[Available records — start]

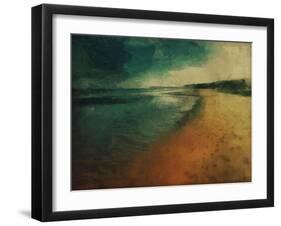 Beach at Portrush - Northern Ireland-Mark Gordon-Framed Giclee Print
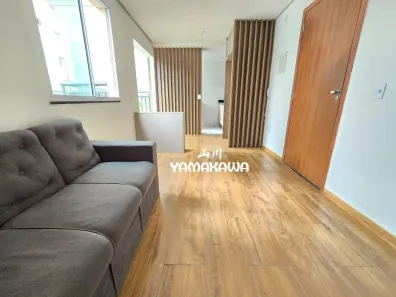Apartamento com 2 Quartos à venda, 45m² no Tatuapé, São Paulo
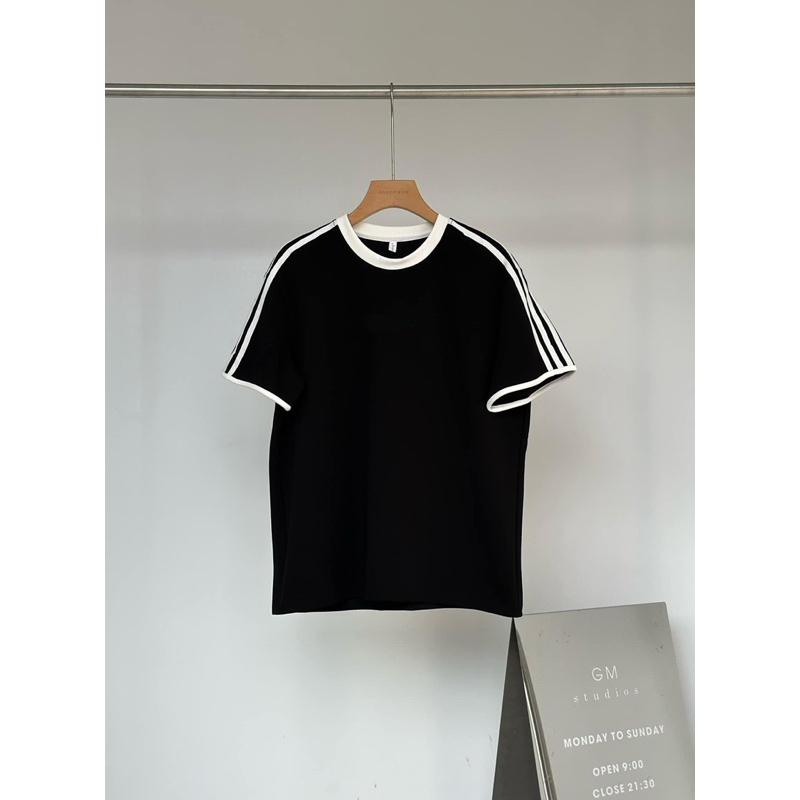 Set Bộ Thể Thao 2023 Unisex 3 sọc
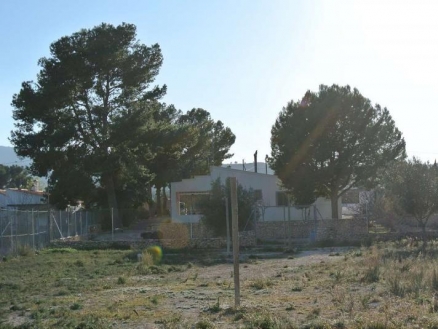 Villa with 3 bedroom in town, Spain 182208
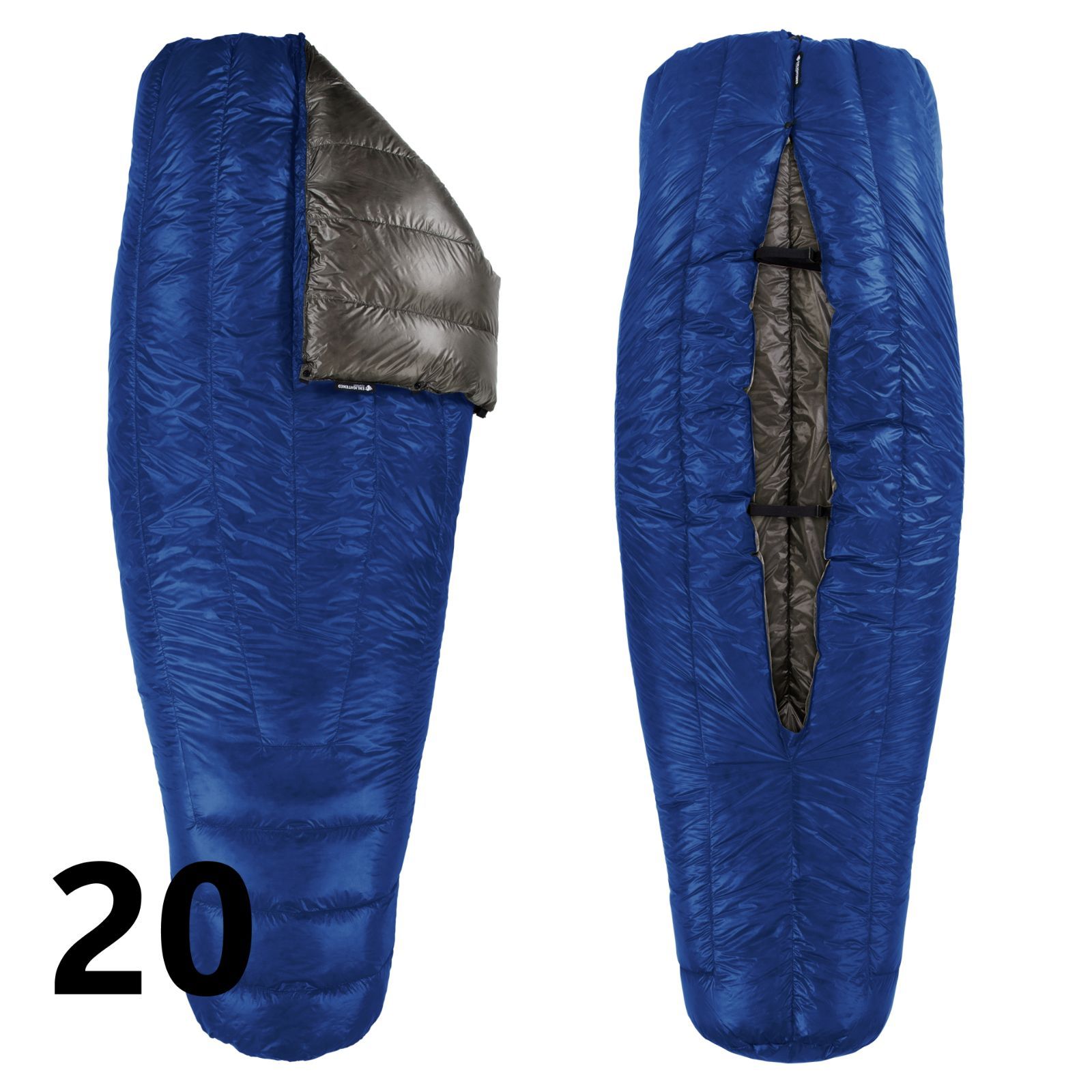 迷彩柄の寝袋カバー GORE-TEX（中古品） 迷彩柄の寝袋カバー GORE-TEX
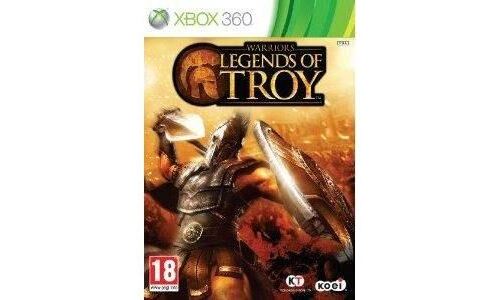 OCC WARRIORS : LEGENDS OF TROY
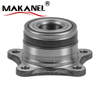 42200-TBA-A02 42200-TBA-A01 Wheel Hub Bearing for Honda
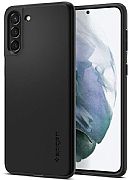 Capa 100% Original Spigen Thin Fit Para Galaxy S21 Plus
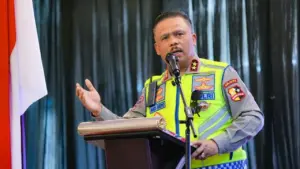 Kakorlantas Prediksi Arus Balik Libur Nataru Dimulai 1 Januari 2026, Personel Tambahan Disiapkan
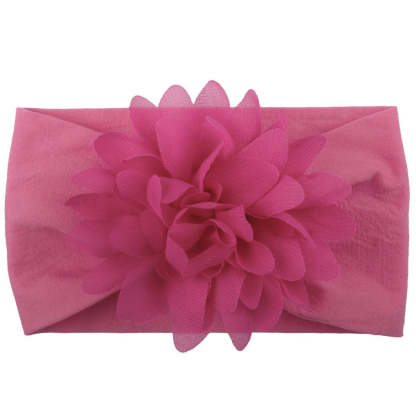 Baby Flower Headband-visikids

[Available records — finish]

§ **Your task**: The data must be reproduced exactly, and no picture may appear in the copy.

§ **Task solution**:
 Beach at Portrush - Northern Ireland-Mark Gordon-Framed Giclee Print
Apartamento com 2 Quartos à venda, 45m² no Tatuapé, São Paulo
 Set Bộ Thể Thao 2023 Unisex 3 sọc
 Villa with 3 bedroom in town, Spain 182208
 迷彩柄の寝袋カバー GORE-TEX（中古品） 迷彩柄の寝袋カバー GORE-TEX
 OCC WARRIORS : LEGENDS OF TROY
 42200-TBA-A02 42200-TBA-A01 Wheel Hub Bearing for Honda
 Capa 100% Original Spigen Thin Fit Para Galaxy S21 Plus
 Kakorlantas Prediksi Arus Balik Libur Nataru Dimulai 1 Januari 2026, Personel Tambahan Disiapkan
 Baby Flower Headband-visikids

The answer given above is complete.